Flow chart of a *Projector* contig mapping run. For details see text.

Table 1. Steps involved in a typical contig mapping run of Projector.

Step	Description	Input file		Output file
		Format	Content	Format	Content
a	gbk2project	gbk	template genome sequence	fasta	template ORFs
formatdb		fasta	template ORFs	blast database	template ORFs
b	chopcontig	fasta	target contigs	fasta	target contig fragments
c	blastn	fasta	target contig fragments (step b)	blast format	blast results
		blast database	template ORFs (step a)
d	blast filter	blast format	blast results (step c)	csv^a	blast results
e	map	csv^a	filtered blast results (step d)	csv^a	(alternative) mapped contigs
f	sort	csv^a	sorted mapped contigs (step e)	csv^a	mapped contigs sorted on position
g	preprimer design	csv^a	sorted mapped contigs (step e)	csv^a	gap closure primer-design templates
h	svg visualization	csv^a	sorted mapped contigs (step e)	svg^b	visualization of mapped contigs

Open in a new tab

For each step, the formats and contents of the input and output files are described.

^aComma-delimited file format; can be imported in, for instance, Microsoft Excel.

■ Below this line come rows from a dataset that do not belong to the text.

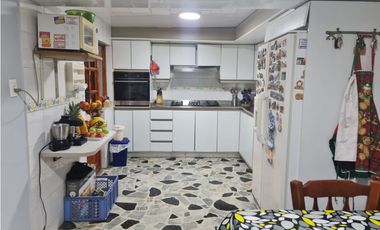 SE VENDE HERMOSA CASA AMPLIA ALGARRA II ZIPAQUIRA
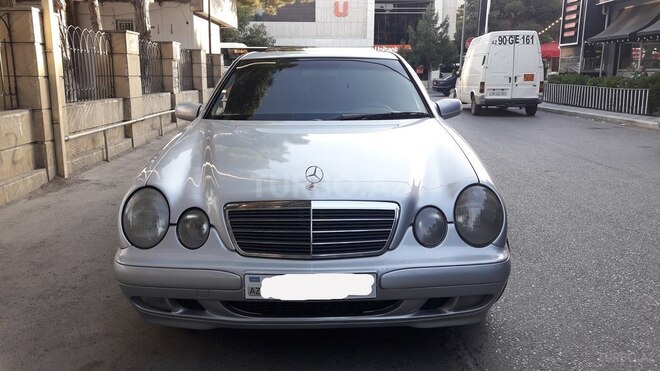Mercedes E 220 2000, 440,000 km - 2.2 l - Sumqayıt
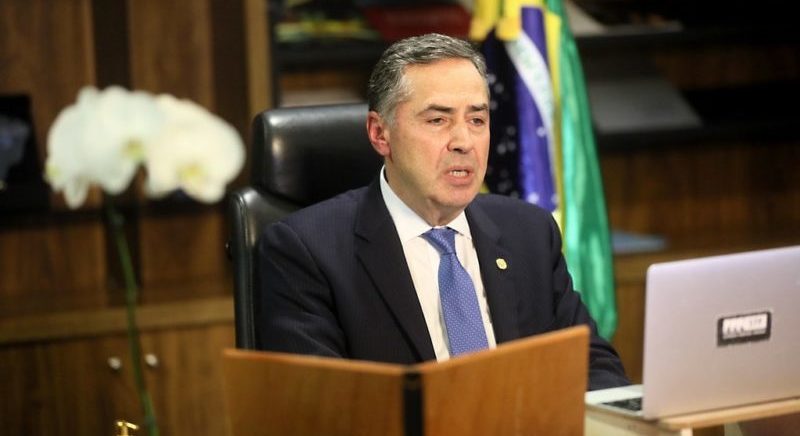 Presidente do TSE faz discurso mais duro contra Bolsonaro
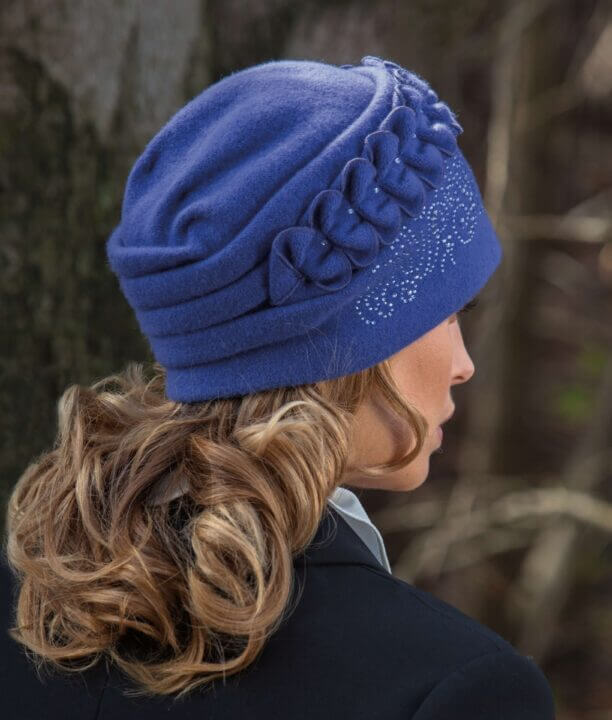 Caciula de dama Katisana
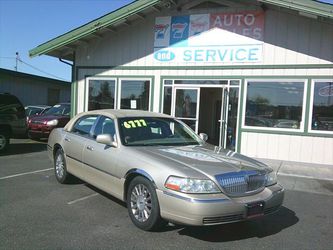 2004 Lincoln Town Car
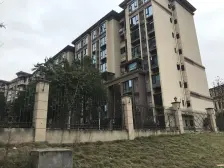 华岩新城 北京城建龙越湾四房211万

^bScalable vector graphics, viewable in an Internet web browser.

PCR conditions

PCRs were performed with the Extensor Hi-Fidelity PCR Enzyme Mix (AB-Gene, Epsom, UK) according to the manufacturer’s instructions using an iCycler Thermal Cycler (Bio-Rad Laboratories, Hercules, CA). Lactococcus lactis MG1363 chromosomal DNA was used as template (end concentration 6 ng µl^–1).

Genome comparisons

All ORFs of a template genome were compared against the contigs of a target genome using the Blastn program. The number of ORFs giving a hit below the selected cutoff e-value (1 × e^–50) divided by the total number of ORFs in the template genome results in an arbitrary value describing the similarity of the template genome to the target genome. This arbitrary value also depends on the completeness of the target genome contigs.

Software availability

Projector is available for educational and research purposes by non-profit institutions at http://molgen.biol.rug.nl/molgen/research/molgensoftware.php.

Sources of genome sequence data

Unfinished genomic sequences were obtained from the US DOE Joint Genome Institute (http://www.jgi.doe.gov). Finished genome sequences were obtained from the NCBI genome database (http://www.ncbi.nlm.nih.gov/).

RESULTS

Mapping of several target genomes

Prior to testing Projector on several freely available target genomes, the software was tested by using L.lactis IL1403 ORFs as both target (each ORF is a contig) and template sets. All IL1403 ORFs that were not discarded, were mapped at their proper positions on the IL1403 genome. Projector was tested on seven target (unfinished) genome sequences (Table 2). Many target contigs are relatively small, resulting in high numbers of contigs being discarded based on their size (results not shown). Except in the case of Clostridium thermocellum, more than 70% of the nucleotides in the organism assembly were in mapped contigs. The significant numbers of contigs that result in ‘no hit’ (Table 2) indicate that many target contigs are strain specific. The median predicted gap sizes range from 500 bp to >7 kb. The percentage of predicted gaps that might be closed in one PCR (∼15 kb maximum) ranges from 60 to almost 90. In the case of L.lactis MG1363 and L.lactis SK11 target genomes, mapping on an IL1403 template genome from which repetitive elements had been removed (repeat-masked) resulted in a reduction in the percentage of nucleotides mapped by five and four, respectively. The number of contigs that were mapped at overlapping positions decreased significantly when repeat-masked sequences were used (results not shown).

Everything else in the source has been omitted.